Moscow's announcement Tuesday that it would halt its five-day invasion of Georgia came within 24 hours of President Bush's demand for an end to this "brutal" Russian offensive. Did an implied US threat make the difference? There's one way to find out.
In his statement Monday, Mr. Bush drew a bright line around what matters most to the US in Georgia – and it's not the oil pipeline that runs through this strategic nation. Nor is it Georgia's claim to the disputed territories of South Ossetia and Abkhazia, which are the size of Puerto Rico. Neither is it forcing Russia to accept yet another country near its border as a NATO member.
No, it was with poignant symbolism that Bush made his main point in the Rose Garden of the White House. He insisted that Georgia's 2003 "rose revolution" not be overthrown and a Russian puppet installed either by force or coercion. He warned against the apparent Russian attempt to depose Georgia's "duly elected government."
Bush wasn't just guessing. The US envoy to the United Nations, Zalmay Khalilzad, told the Security Council on Sunday that Russia's UN ambassador said that Georgian President Mikheil Saakashvili "must go."

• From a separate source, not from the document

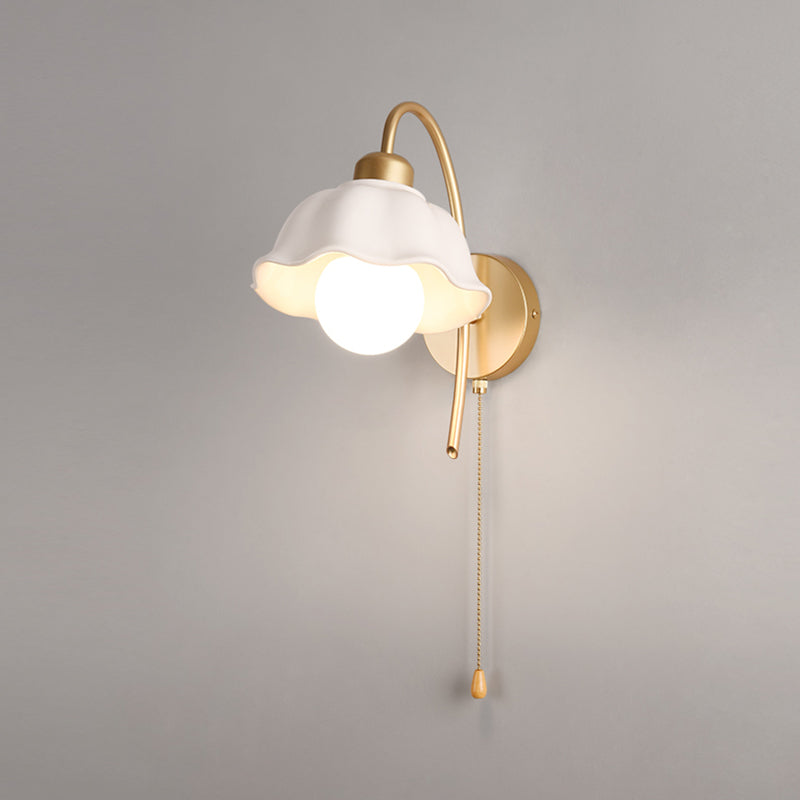 Flower Shape Metal Wall Sconces Modern 1 Light Wall Mount Light Fixture in Gold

But it is Russian troops that must go from Georgia proper. And the US needs to act swiftly to bolster this young democracy with all the aid, trade, and other "soft power" that it needs to flourish as an independent state, not a pawn to Russia's neo-imperial ambitions.
This latest attempt by Moscow to restore its prestige and power cannot come at the expense of democracy and freedom in Georgia. The West can compromise with Russia on many military and energy issues, such as placement for American defense systems against Iranian missiles or transit pipelines for Caspian petroleum.
It can let Russia claim outsized pieces of the Arctic seabed for oil rights or conduct aggressive military training exercises near Europe. It can even wink while Vladimir Putin plays games to keep himself in power, further eroding his country's own faltering democracy.
But Russia's attempt to intimidate Georgians into abandoning their elected president is not an option, despite Mr. Saakashvili's miscalculation last week in asserting authority in the two disputed territories.
In 1996, President Clinton took a similar stand against an attempted putsch by a big power against a small democratic nation. After China launched intimidating "test" missiles toward Taiwan to influence an election on the island country, Mr. Clinton sent two aircraft carriers to the area. It was an unmistakable signal of US resolve on behalf of democracy.
Bush need not send fighting forces to Georgia – nor can he at this moment – but he, along with Europe, should help its economy and prop up its democratic institutions. And such a response is something that both Barack Obama and John McCain could surely support.
With strong US backing, Georgia can better negotiate with Moscow in resolving disputes. Russia says it won't talk to Saakashvili, but he is the elected leader.
If Bush's bright line in defending Georgia's democracy did force a Russian drawdown, Moscow will also talk to the Georgian leader.